Schill called out. “Detective?”
Tracy turned back. “Yes?”
“I don’t think she’s been down there too long.”
Tracy stepped back toward him. “You think it’s a woman?”
“Well, I mean, I don’t know for certain, but the hand . . . the fingernails—they still had polish on them.”
She considered the information. “Okay. Anything else?”
“No.”
Katie Pryor called Tracy’s name and pointed to the road.
A KRIX Channel 8 news van with a satellite dish protruding from the roof had parked on the street, and the Violent Crimes Section’s favorite muckraker, Maria Vanpelt, was stepping out the passenger door. Vanpelt had been a rising star in the local news media, a good-looking blonde who seemed to have a nose for the sensational, but she’d got her hand slapped for mishandling coverage of the Cowboy. Tracy had not seen her for several months, and absence had not made the heart grow fonder. At the Violent Crimes Section, the detectives referred to Vanpelt as “Manpelt” and speculated that one of the men she clung to was none other than their captain, Johnny Nolasco.

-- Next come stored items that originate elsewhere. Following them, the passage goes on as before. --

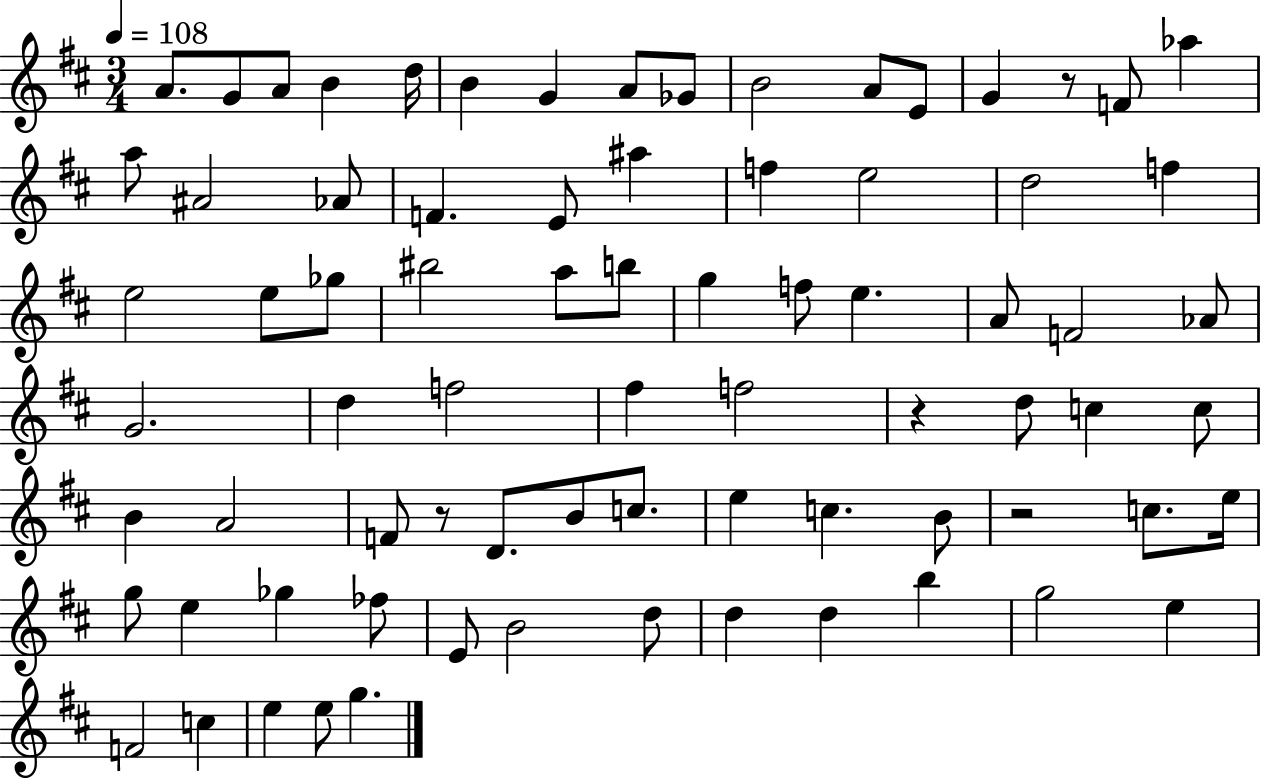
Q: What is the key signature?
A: D major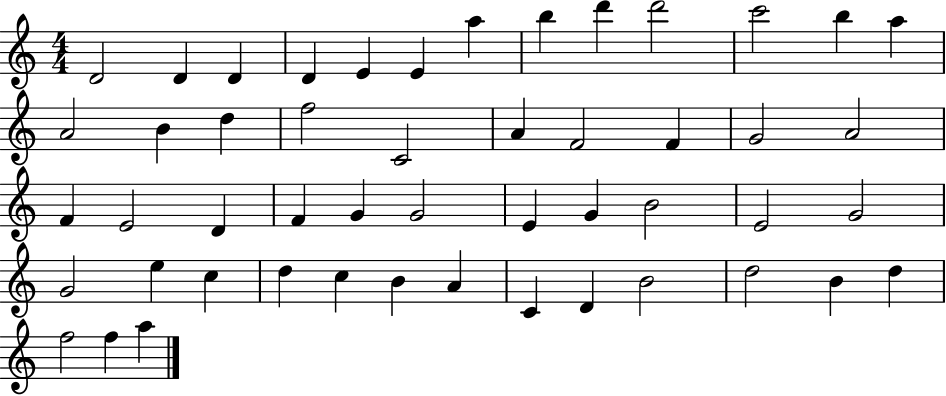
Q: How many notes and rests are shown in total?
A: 50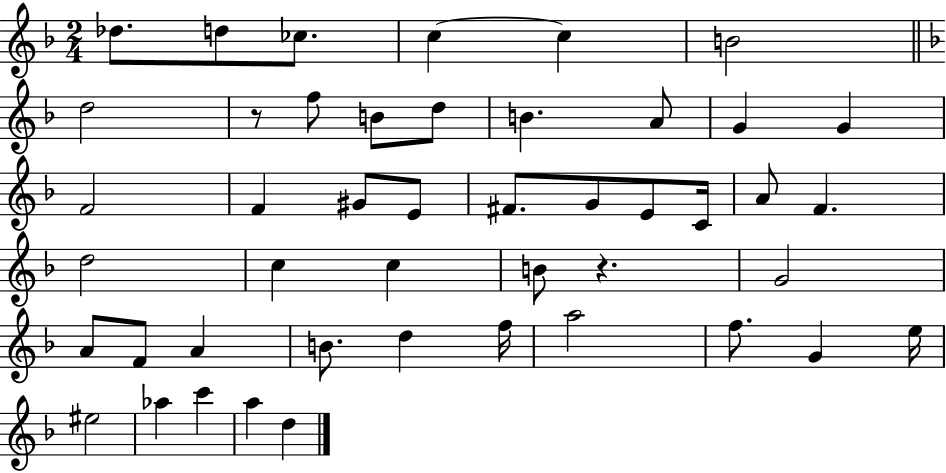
{
  \clef treble
  \numericTimeSignature
  \time 2/4
  \key f \major
  des''8. d''8 ces''8. | c''4~~ c''4 | b'2 | \bar "||" \break \key f \major d''2 | r8 f''8 b'8 d''8 | b'4. a'8 | g'4 g'4 | \break f'2 | f'4 gis'8 e'8 | fis'8. g'8 e'8 c'16 | a'8 f'4. | \break d''2 | c''4 c''4 | b'8 r4. | g'2 | \break a'8 f'8 a'4 | b'8. d''4 f''16 | a''2 | f''8. g'4 e''16 | \break eis''2 | aes''4 c'''4 | a''4 d''4 | \bar "|."
}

Tracy called Billy Williams on her cell. She told him to have CSI bring a tent in addition to the screen. They’d set the tent up at the water’s edge to serve as a command center and provide further privacy. She suspected news helicopters would not be far behind the vans. She could seek a no-fly zone, but if the news stations thought the story worthy, they’d just pay the fine. As Tracy listened to Williams, she turned back to the water. Her eyes followed the rope off the back of the boat.
Definitely not a grounder.
The circus had come to the beach and so had the crowds. People stood elbow to elbow along the metal railing, news reporters and cameramen among them. Add several police vehicles, two blue-and-white Harbor Patrol boats sweeping the Sound to keep sail-and powerboats at bay, a gaggle of uniformed and plain-clothed officers, and a tent, and the allure was too much to resist. Even the tourists were ignoring two of the region’s most iconic views—the booming image of Mount Rainier dominating the southern horizon, and the gleaming white stucco walls and red tile roofs of the Alki Point Lighthouse to the north, with Elliott Bay and the Seattle skyline serving as a spectacular backdrop.
Divers had managed to retrieve the tangled mess behind Kurt Schill’s boat, which had grounded in less than ten feet of water. Schill’s pot, perhaps two feet in diameter, would be accompanying his boat and his car to the police impound where CSI would process it for fingerprints and DNA. The larger pot remained inside the tent, and its contents had indeed been gruesome.
The body inside the pot was that of a woman. Naked, her bloated skin had turned the color and consistency of abalone meat: pale gray, rubbery, and traversed by a road map of purple lines. It showed evidence where marine life had fed. In sharp contrast to that gruesome image were the bright-blue fingernails. They looked like the painted nails on the hand of a porcelain doll, nicked and scratched after years of use.